III. From Darkness to Light P 5
5 God hides nothing from His Son, even though His Son would hide himself. Yet the Son of God cannot hide his glory, for God wills him to be glorious, and gave him the light that shines in him. You will never lose your way, for God leads you. When you wander, you but undertake a journey that is not real. The dark companions, the dark way, are all illusions. Turn toward the light, for the little spark in you is part of a Light so great that it can sweep you out of all darkness forever. For your Father is your Creator, and you are like Him.

Journal

Jesus is just stating facts here. Regardless of appearances, regardless of the illusions I have made, certain things are immutable.
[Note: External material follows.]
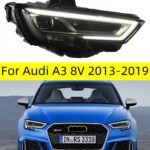 Car Headights for Audi A3 LED Headlight 20 13-20 19 A3 8V Head Lamp Projector Lens DRL Front Light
They are true right now and will always be true. This is all the Course is trying to help me understand and accept. All the lessons, all the concepts, all the many, many words, are just bringing me to this one thing. I am as God created me. And He created me out of Himself and so that is what I am. I am Light. I am like God.

Last night I had the strangest dreams. I woke up thinking about them and wondering what they meant, if anything, then I forgot about them. But the one thing I can tell you is that while I dreamed of being something strange last night, my dream changed nothing. On awakening this morning, I was till what I was when I went to sleep. While I was dreaming that I was this strange being, I remained exactly what I am now. Even in the midst of the dream of being different, I was not.

This is the same in my waking dream experience. I dream of being a body and having all these strange experiences, but even in the midst of this dream, I haven’t changed. I remain what I have always been, the Son of God. Dreaming I am something else does not make me something else. When I wake up I will probably have the feelings that I had this morning, thinking, “What a strange dream that was.” Will I wonder what it all meant? Or will I simply allow the remnants of the dream to fade away.